The STEM Jobs Act, HR 6429, would provide students like me an opportunity to create jobs here in the United States, as opposed to other foreign countries.
I come from a family of Indian scientists and engineers who emphasized the importance of a first-rate education in these fields. This emphasis -- coupled with the rapid influx of U.S. engineering firms into my hometown of Bangalore -- shaped my decision to enroll in an undergraduate engineering program.
I quickly realized that the United States was the hub of technological innovation. I wanted to be a part of that, so I decided to pursue a master's degree at Columbia University in 2001 and a Ph.D. in electrical engineering at Southern Methodist University, where I'm scheduled to graduate this spring.
I love it here, but I am worried that my time in this country is limited, owing to the complex and often unfriendly immigration policies that exist here.
As a graduate student, I strive to develop simple solutions to long-standing problems in optical imaging.
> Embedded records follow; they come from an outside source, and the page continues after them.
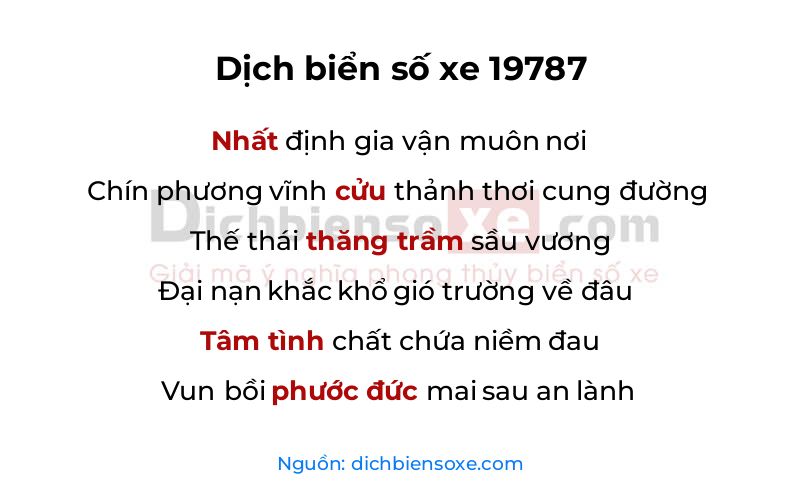 Dịch thơ biển số 19787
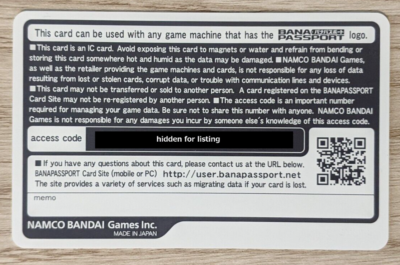 SHIPS FROM USA Unused Bandai Namco BANAPASSPORT Card Tekken Tag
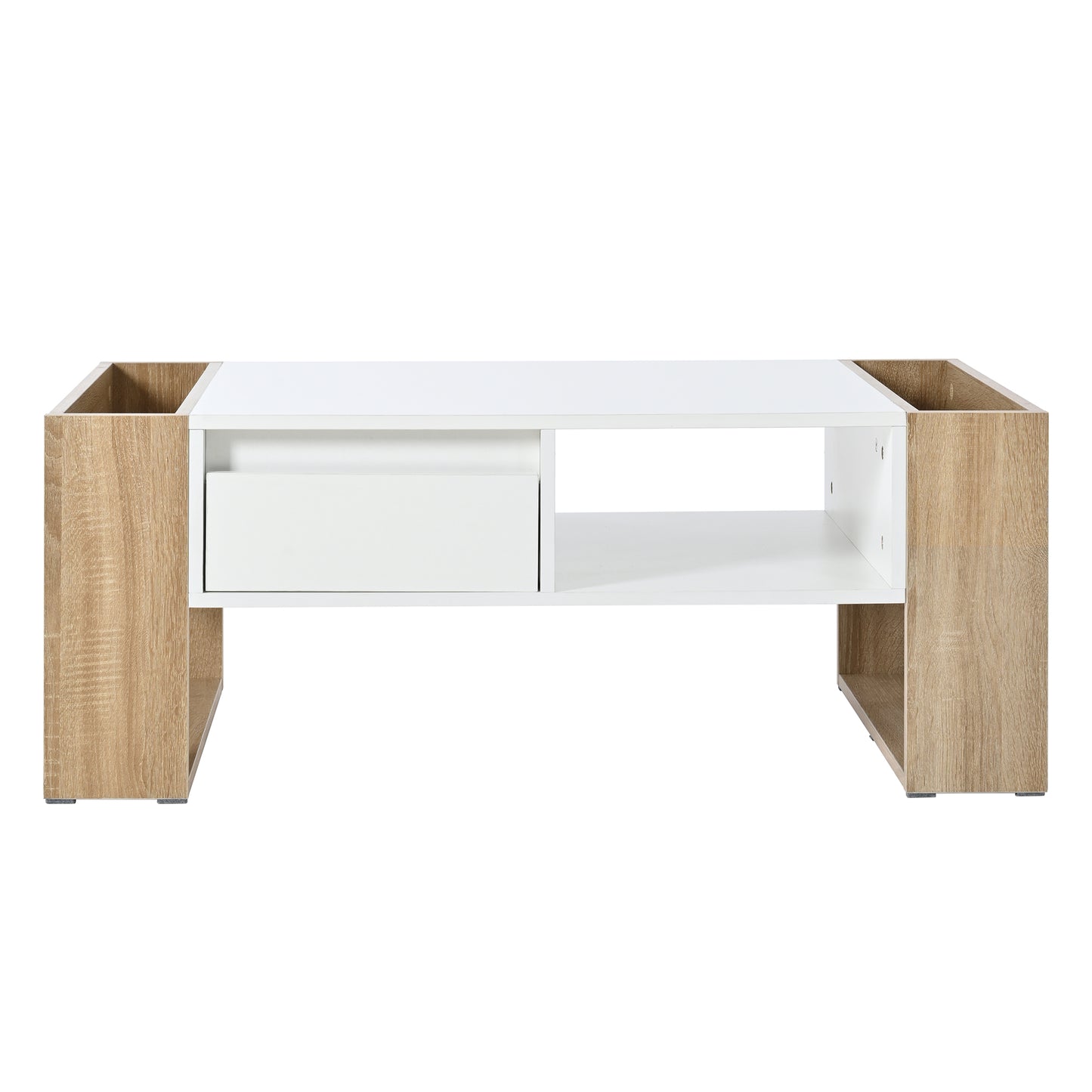 ON-TREND High Glossy Coffee Table with 2 Drawers 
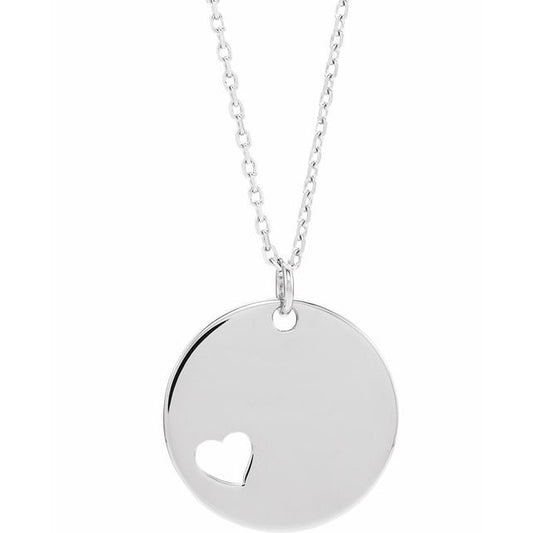 Engravable Pierced Heart Necklace or Pendant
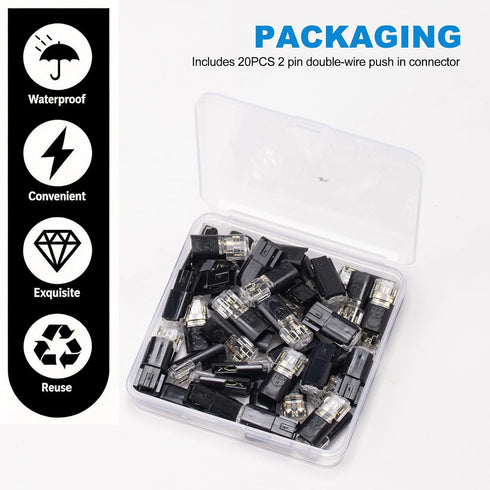 CMLY 20Pcs 2 Double Wire Plug in Connector, Pin LED Light Strip Low Voltage Connector with Locking Buckle, Quick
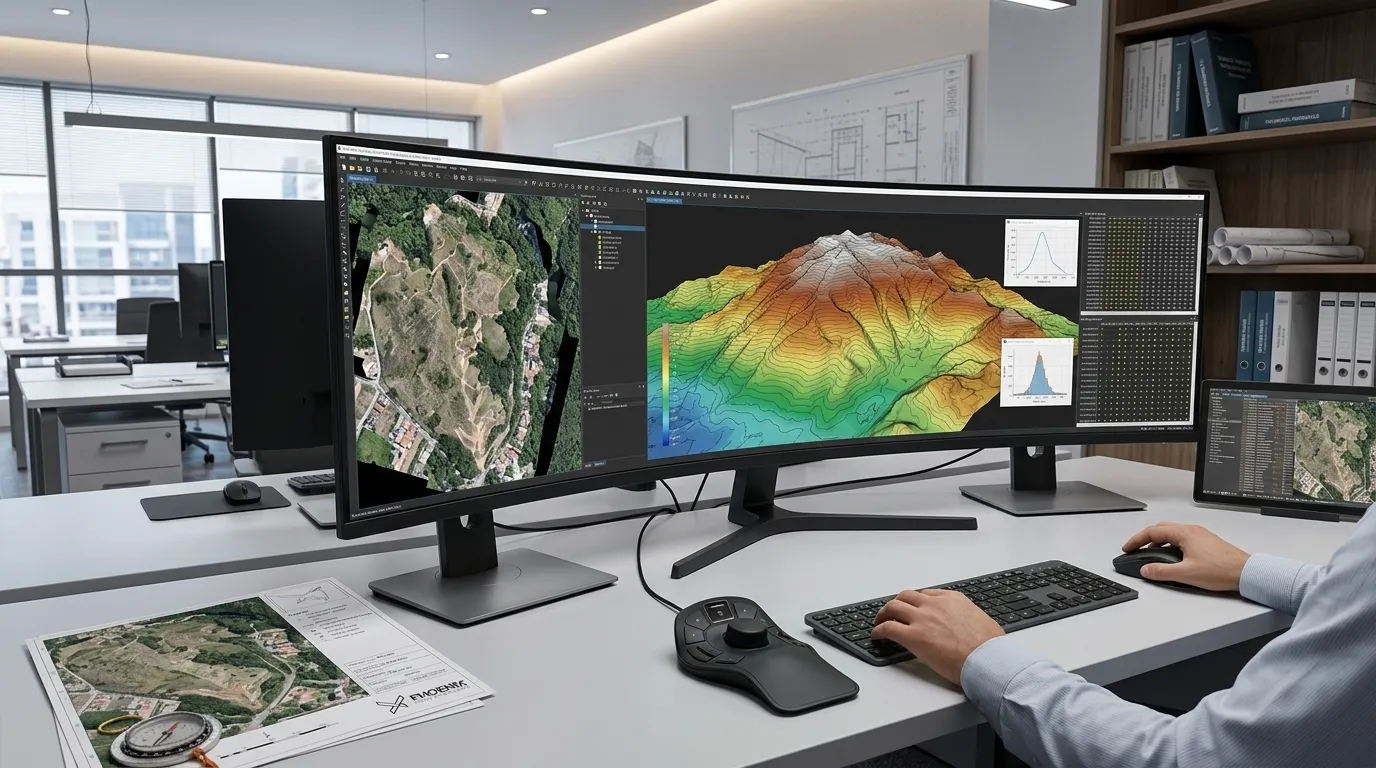 Processamento de dados de drone topografia com curvas de nível e modelo digital de elevação.
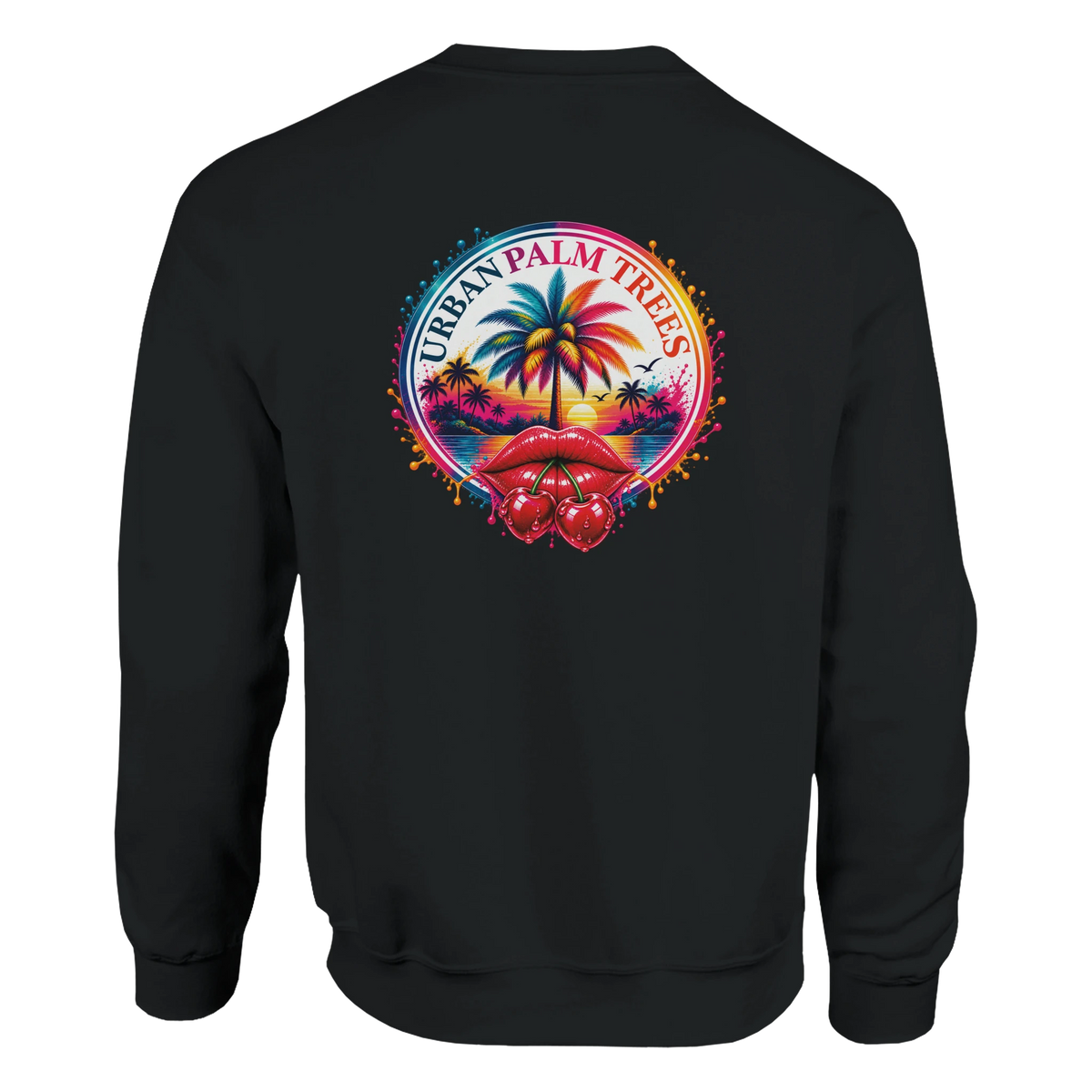 Black sweatshirt back featuring retro tropical palm tree sunset graphic with bold red cherry lips and Urban Palm Trees text.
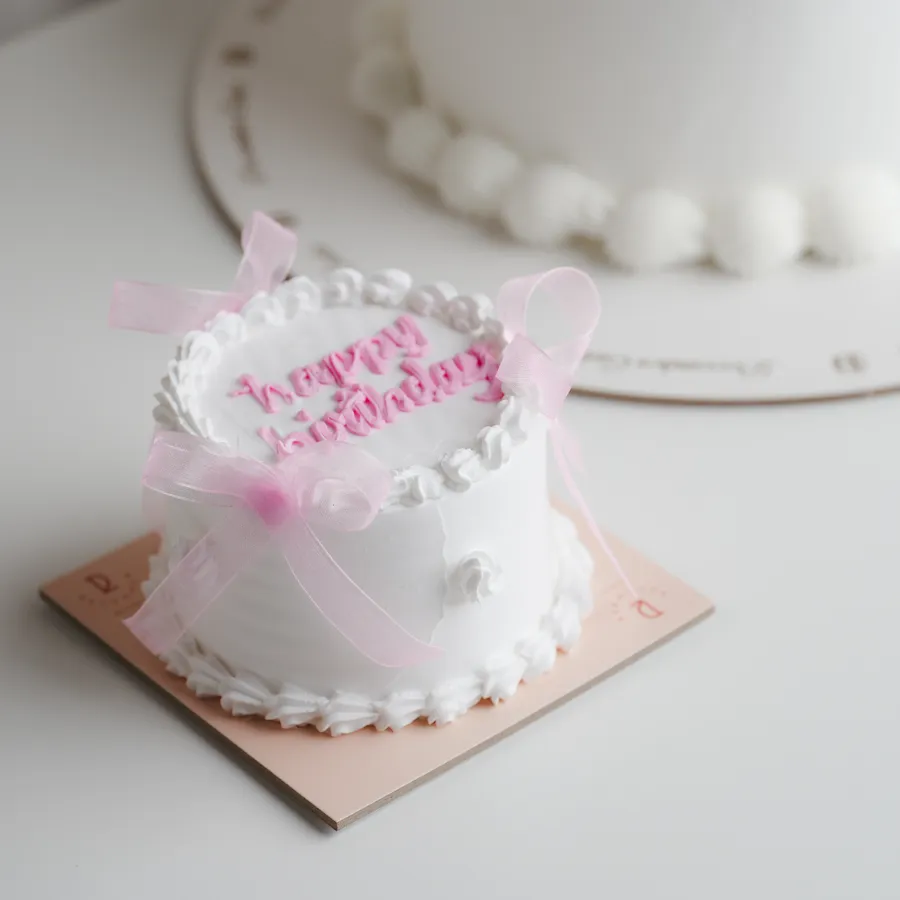 Mini white cake pink ribbon 2inch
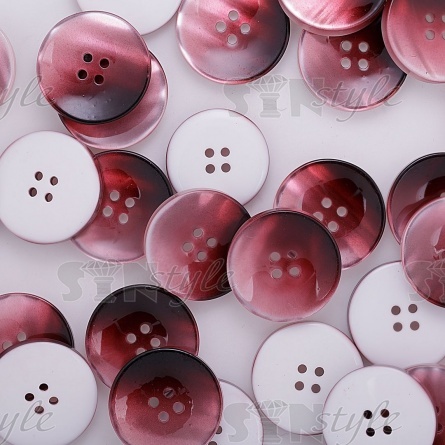 Пуговица пластиковая на четыре прокола, размер 48L, перламутровая, цвет грязно-розовый градиент фото 4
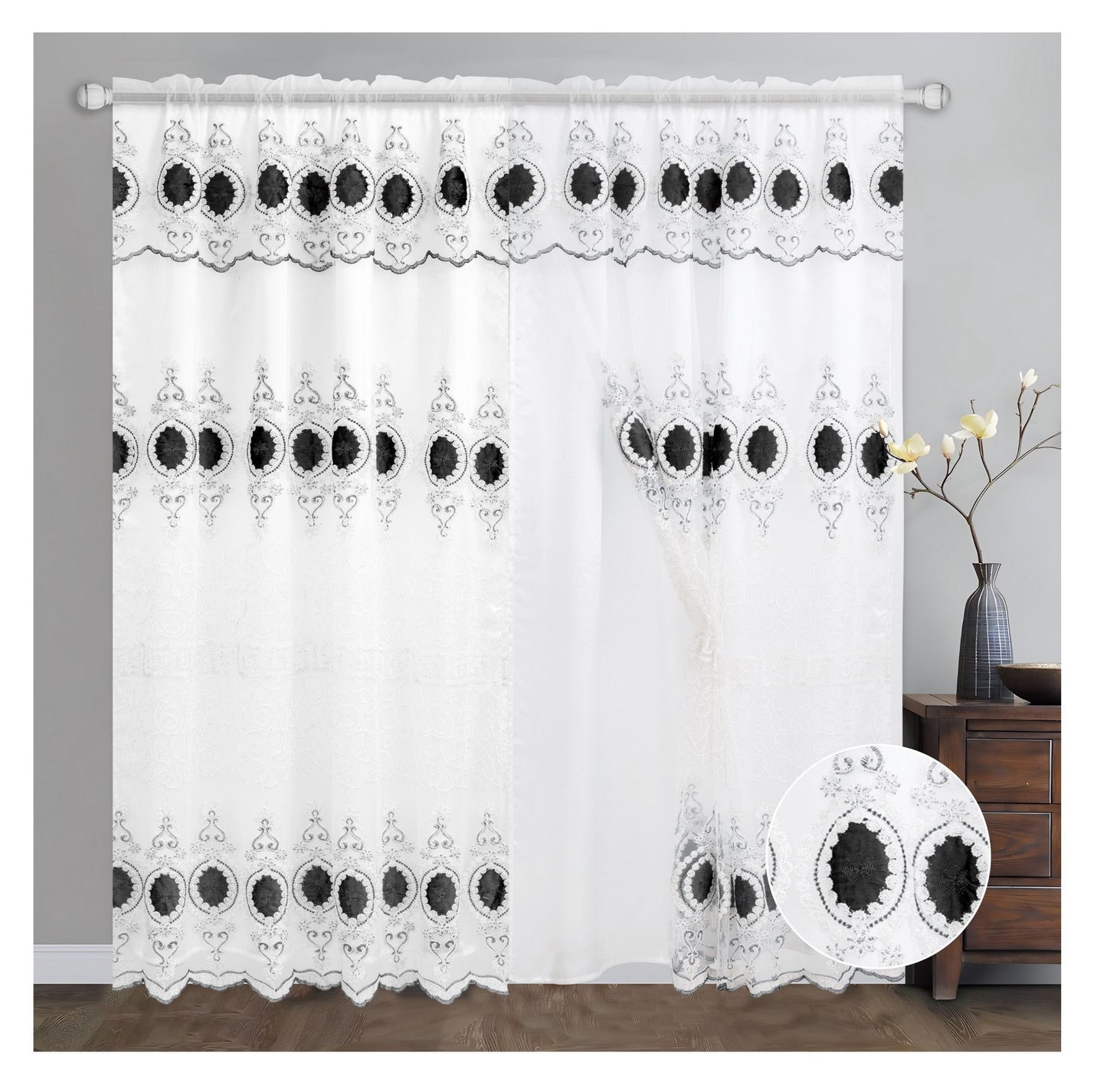 Luxury Rod Pocket Embroidered Curtain Panel with Backing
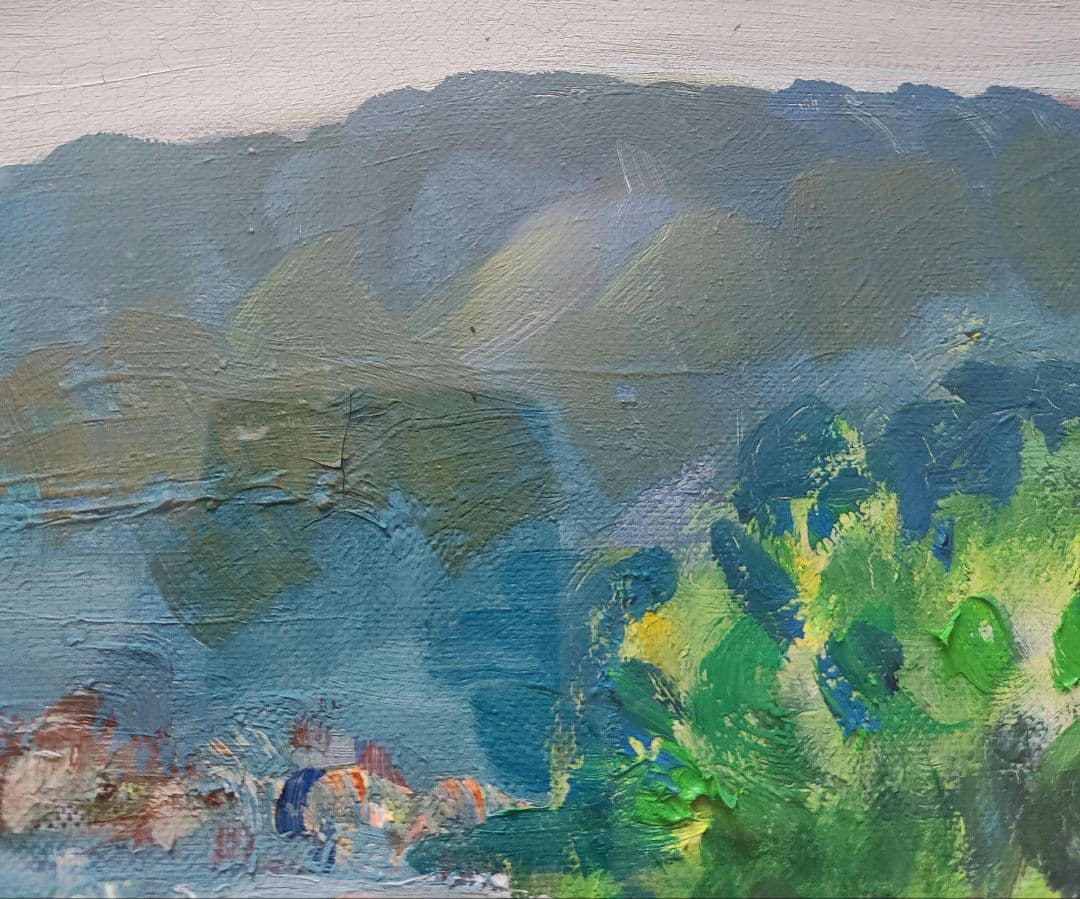 風景画 油彩画 木製フレーム付き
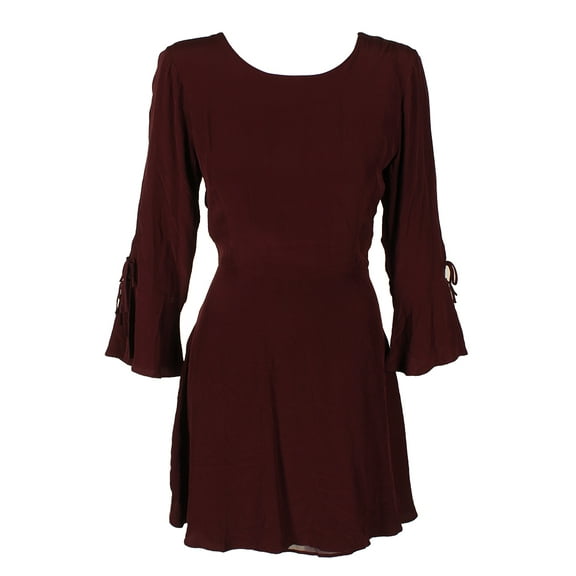 Lucky Brand Womens Burgundy Bell-Sleeve Tie-Back A-Line Peasant Dress 8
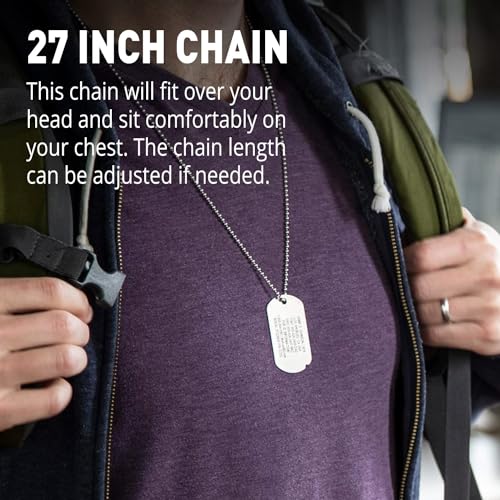 ROAD iD The Fixx ID Customized Military Dog Name Tag - WWII Style Personalized Dog Tag Necklace for Men, Women, Athletes, Army - Stainless Steel Chain Engraved Necklace Gifts2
My work is funded by the U.S. Army Research Lab and was awarded at a technology innovation competition. After graduation, I would like to continue to work with government labs or perhaps start a company that commercializes key aspects of my research.
But sadly, I have to overcome several immigration obstacles before I can begin to entertain either of these possibilities. Many of my peers from India have begun immigrating to Europe and Australia -- places with friendlier immigration policies that offer more incentives than the United States. In some countries, an advanced degree is considered reason enough for permanent residency.
Making it harder for innovators to come to, or remain in, the United States makes little sense when the data suggest that immigrants are a driving force behind economic development in this country. A study conducted by the bipartisan Partnership for a New American Economy shows that last year, 76 percent of patents from the top 10 patent-producing universities in the country had a foreign-born inventor. Those patents represent not only good ideas but also entrepreneurial opportunities -- the basis for new companies that create jobs and contribute to local economies.
Economists have found that immigrants are more than twice as likely to start a business as the native-born, and data suggest that immigrants founded 28 percent of all new businesses opened in American in 2011.
I came to the United States in 2001 with the hope of joining a unique culture of innovation that remains unparalleled throughout the world. That dream has not changed. But after 11 years of American education, I may have to take my skills elsewhere. I strongly urge Congress to pass the STEM Jobs Act and increase the number of visas for foreign-born scientists and engineers.
Please let me -- and the many talented foreign-born students like me -- work and innovate here.
Prasanna Rangarajan, a native of India, is a Ph.D. student in electrical engineering at Southern Methodist University.